Frequently Asked Questions

See our documentation homepage for information about our most common topics.

  1. I have a new phone. How do I move my Duo onto it?
  2. How do I acknowledge use of CURC Resources?
  3. How do I check how full my Summit directories are?
  4. When will my job start?
  5. How can I get system metrics?
  6. How much memory did my job use?
  7. Where is my current fair share priority level at?
  8. Why is my job pending with reason ‘ReqNodeNotAvail’?
  9. Why do I get the following ‘Invalid Partition’ error when I run my job?:sbatch: error: Batch job submission failed: Invalid partition name specified.
  10. Why do I get the following ‘Invalid Partition’ error when I run a Blanca job?
  11. How can I check what allocations I belong to? Why do I get the following ‘LMOD’ error when I try to load slurm/summit?:Lmod has detected the following error: The following module(s) are unknown: "slurm/summit"
  12. How do I install my own python library?
  13. Why does my PetaLibrary allocation report less storage than I requested?
  14. Why is my JupyterHub session pending with reason ‘QOSMaxSubmitJobPerUserLimit’?

I have a new phone. How do I move my Duo onto it?

You can add a new device to your duo account by visiting https://duo.colorado.edu. After a CU authorization page you will be directed to a Duo authentication page. Ignore the Duo Push prompt and instead click “Add a new device”:

_images/duo_new_device1.png

Duo will then try to authenticate your account by push notification to verify your identity. Cancel this push notifcation…

_images/duo_new_device2.png

…and click on “Enter a Passcode”, or “Call Me”.

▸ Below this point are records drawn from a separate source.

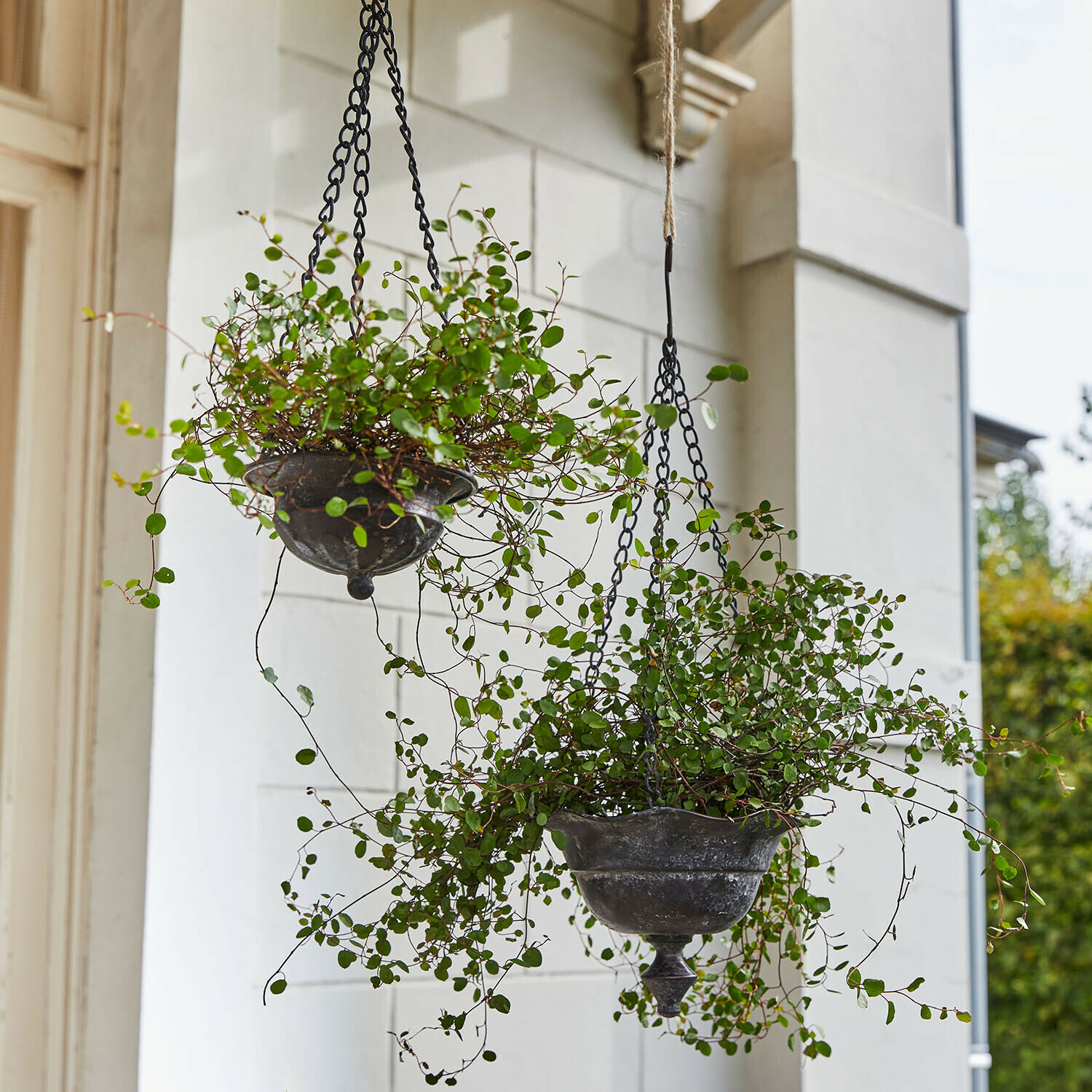 Set de 2 maceteros colgantes Trelonne Macetas colgantes de metal estilo vintage con plantas verdes, decoración para jardín y terraza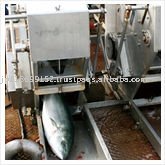 processed fresh fish stripedjack seafood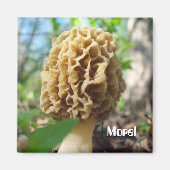 Morel Mushroom Magnet (Voorkant)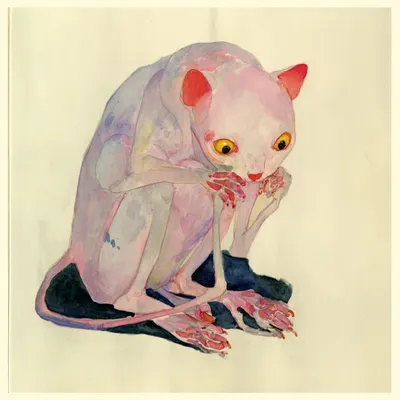 paws - AI artwork, 28 Jul 2025
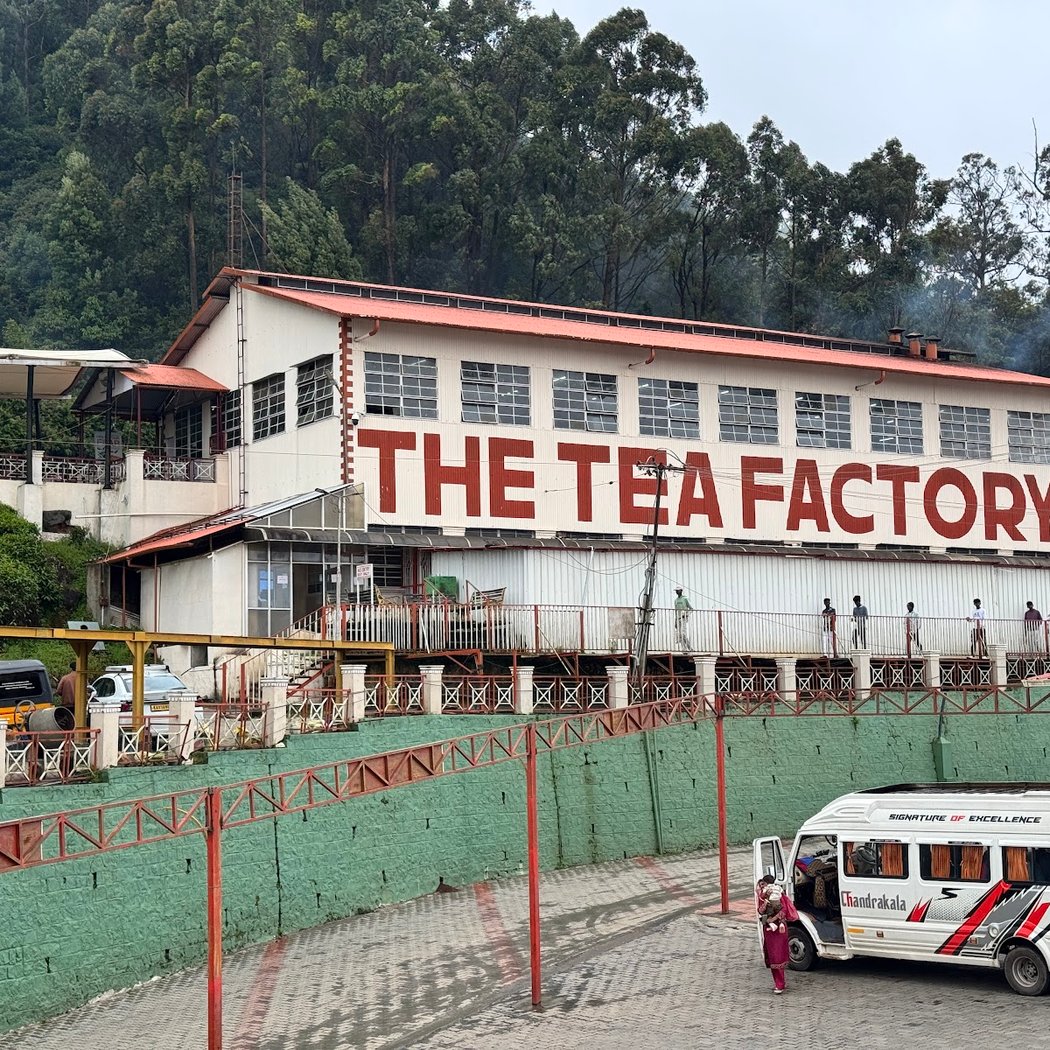 The Tea Factory & The Tea Museum 2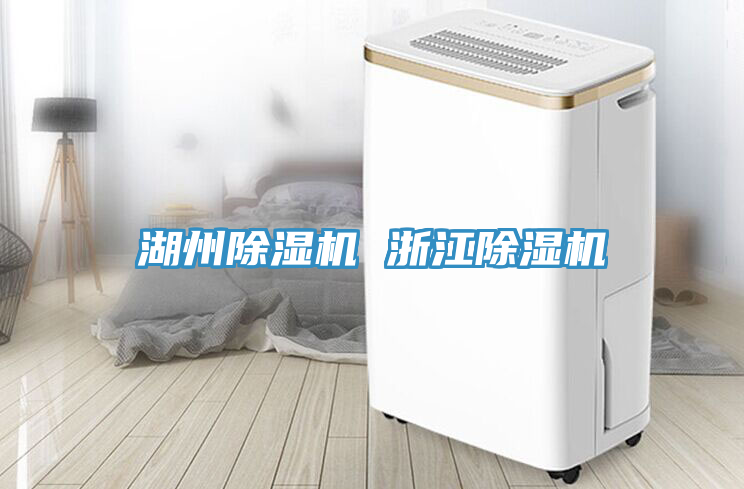 湖州除湿机 浙江除湿机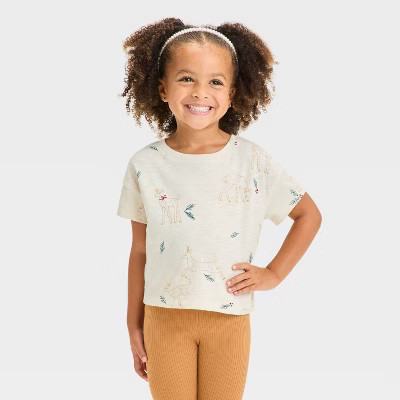 Toddler Girls' Christmas Boxy Graphic T-Shirt - Cat & Jack™ Pink | Target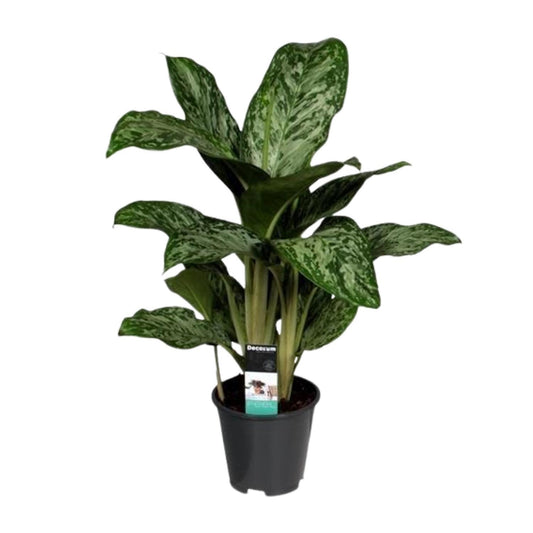Aglaonema Greenlight – Pflegeleichte Zimmerpflanze
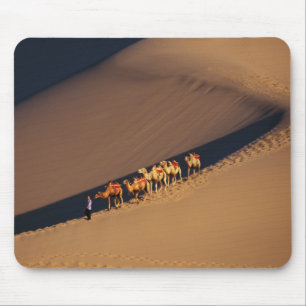Kameelkaravaan in de woestijn, Dunhuang, Gansu Muismat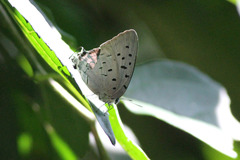 Pseudolycaena damo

  • If you select “Call Me” the simply recieve the call and press 1.
  • If you select “Enter a passcode” then click “Text me new codes” and you will be sent a list of one time passwords. Type in any one of the codes and you will be authenticated.

Once you have verified your identity, follow the instructions provided by Duo to add your device.

If you cannot authenticate your account (e.g. do not have your old device), contact rc-help@colorado.edu for further assistance.

How do I check how full my Summit directories are?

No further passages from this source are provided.